The history of Holy Trinity dates back to 1893, when Bishop Northrop dedicated the first Catholic Church in Orangeburg. Holy Trinity was elevated to full parish status in 1917 when Father James Quinn came to Orangeburg as the first resident pastor. The rectory was built in 1922 and in the 1930’s the Redemptorist Fathers took charge of Holy Trinity and replaced the small wooden church on Amelia Street with a brick structure.
A mission for African Americans began in 1939, and in 1940 a combination church, school, and convent was erected on Treadwell Street. Four days before it was to be dedicated it was burned down. Nevertheless, it was rebuilt and dedicated as Christ the King by Bishop Emmet Walsh on October 18, 1942. One year later the Oblate Sisters of Providence came to develop and staff the first and only Catholic Church in the county.

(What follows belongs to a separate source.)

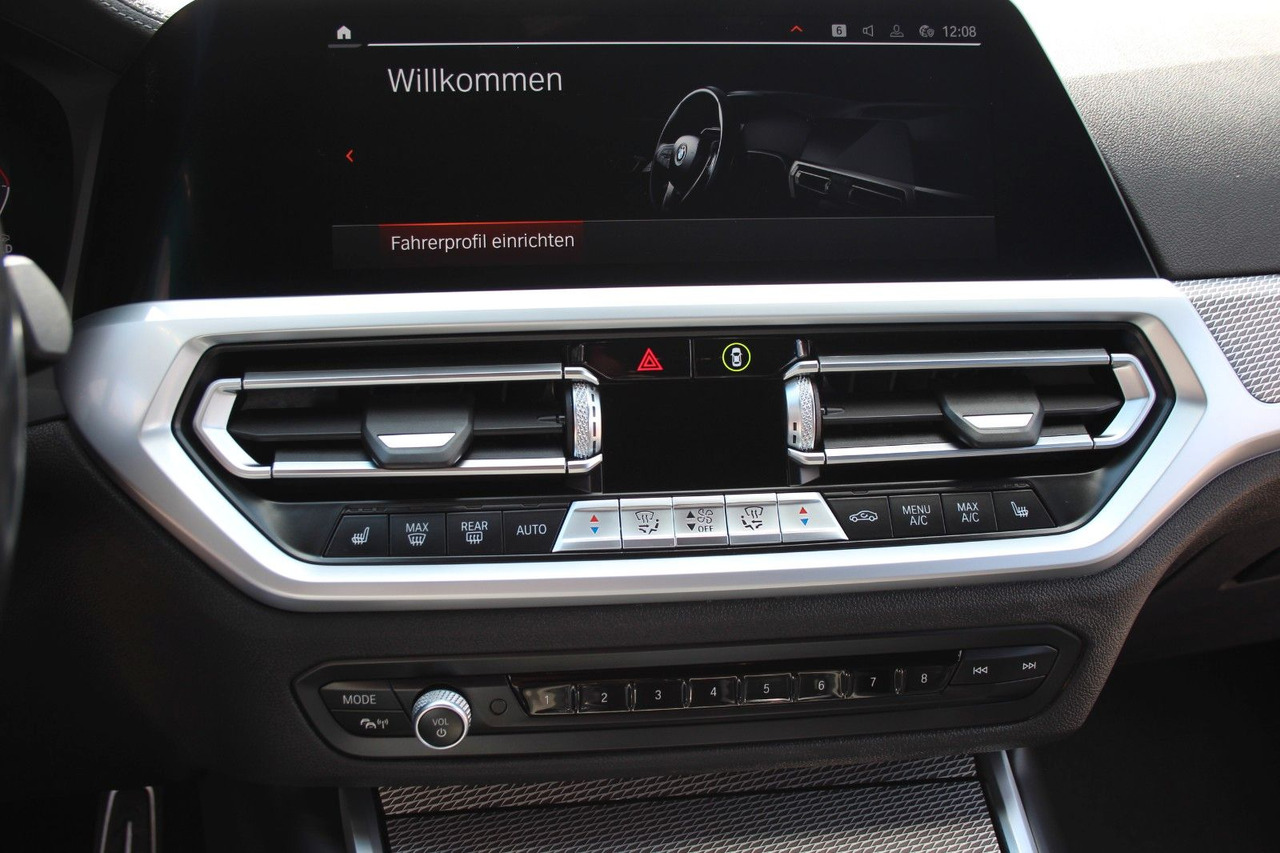 רכב סטיישן BMW 320 Touring d M Sport Laser Alcantara Harman Kar: תמונה 16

In 1966, a catechetical center and social were erected on Riverbank Drive. Bishop Ernest Unterkoefler merged Christ the King and Holy Trinity. Christ the King church was closed and the school relocated in the new catechetical center and renamed Holy Trinity School. Mass for the entire parish was held in the cafeteria of the catechetical center.
In 1984, a capital campaign began to raise funds for a new church. Bishop David Thompson dedicated the new church on December 10, 1992. That same year the Orangeburg Mission returned to the Diocese of Charleston after over 50 years of Redemptorist care.
In 2012, St. Andrew parish in Barnwell, St. Theresa parish in Springfield, and St. Mary Mission in Allendale were merged with Holy Trinity parish in Orangeburg with Holy Trinity as the administrative hub for the group. Holy Trinity currently serves over 375 households.